Die rechtlichen Grundlagen der Wettbewerbspolitik
Art. 3 g EGV schreibt vor, dass die Tätigkeit der Gemeinschaft ein System umfasst, das den Wettbewerb innerhalb des Binnenmarkts vor Verfälschungen schützt. Über diese allgemeine Verankerung der europäischen Wettbewerbspolitik hinaus wird diese in den Artikeln 81-89 EGV näher geregelt.
Kartellverbot (Art. 81 EGV)
Rechtsgrundlage für das Kartellverbot ist der Art. 81 EGV. Wettbewerbswidrige Vereinbarungen werden unter bestimmten Voraussetzungen unwirksam:
- Die Vereinbarung wurde zwischen Unternehmen geschlossen und
- sie führt zu einer spürbaren Beschränkung des Marktwettbewerbs in der EG und behindert so den Wettbewerb innerhalb des Gemeinsamen Marktes.
Diese Absprachen können aus der Festsetzung des Einkaufs- oder Verkaufspreises oder sonstigen Transaktionsbedingungen bestehen. Aber sie können sich auch auf Beschränkungen bei der Produktion, den Absatzmärkten, dem technischen Fortschritt oder den Investitionen erstrecken. Ebenso untersagt sind Vereinbarungen über eine Aufteilung der Märkte oder der Versorgungsquellen sowie diskriminierende Vorgehensweisen, die außenstehende Wettbewerber benachteiligen. Derartige Vorgehensweisen wirken dann wettbewerbsbeschränkend, wenn sie die normale Wechselwirkung von Angebot und Nachfrage spürbar beeinträchtigen.

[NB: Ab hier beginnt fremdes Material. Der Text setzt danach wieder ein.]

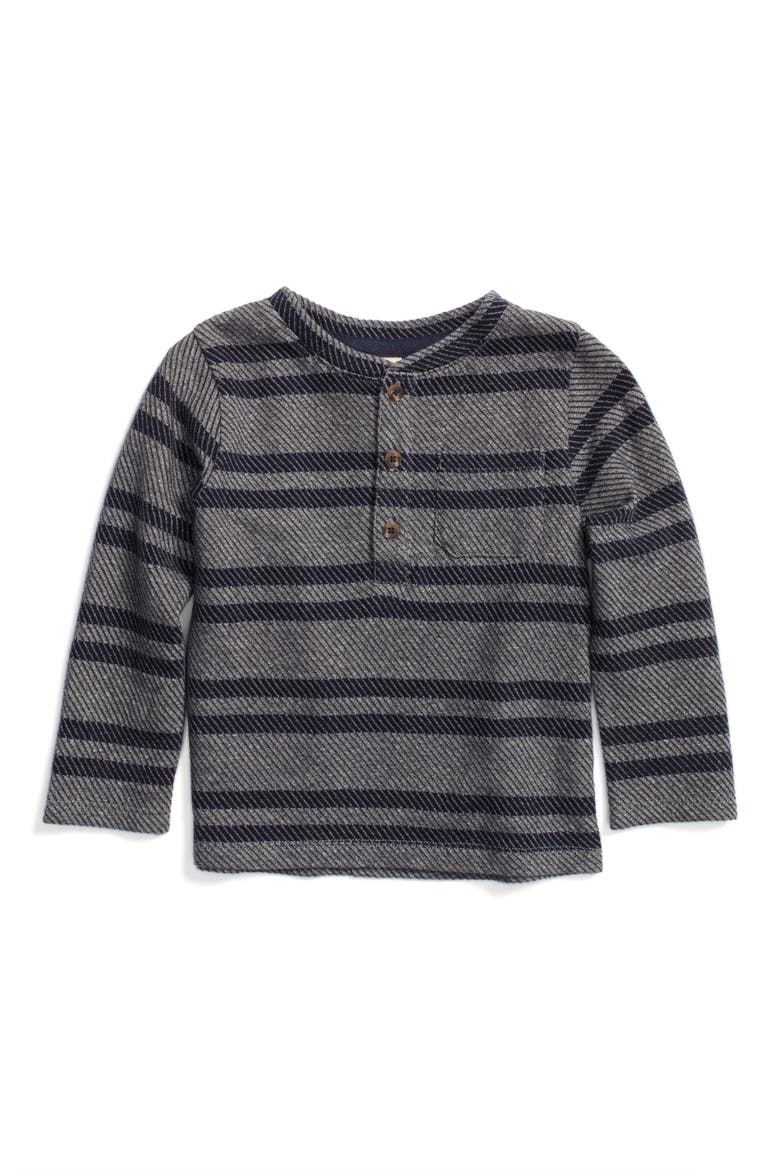 Twill Stripe Henley T-Shirt, Main, color, GREY ALLOY- NAVY STRIPE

Bestimmte Vereinbarungen können den Wettbewerb aber auch fördern: Wenn sie beispielsweise den technischen Fortschritt unterstützen oder Verbesserungen beim Vertrieb bewirken. Das Gemeinschaftsrecht sieht dann die Möglichkeit einer Freistellung vom Kartellverbot vor, da sie sich positiv auf den Markt auswirken. Dabei müssen gemäß Art. 81 Abs. 3 EGV vier Voraussetzungen erfüllt sein und nur die Kommission kann diese Freistellung erteilen:
- Die Vereinbarung muss die Herstellung und den Vertrieb verbessern und den technischen Fortschritt fördern;
- ein angemessener Anteil am entstehenden Gewinn muss den Zwischen- oder Endabnehmern zufließen;
- die Wettbewerbsbeschränkung muss für die Verwirklichung dieser beiden Voraussetzungen unerlässlich sein;
- der Wettbewerb darf für den wesentlichen Teil der fraglichen Waren oder Dienstleistungen nicht ausgeschaltet werden.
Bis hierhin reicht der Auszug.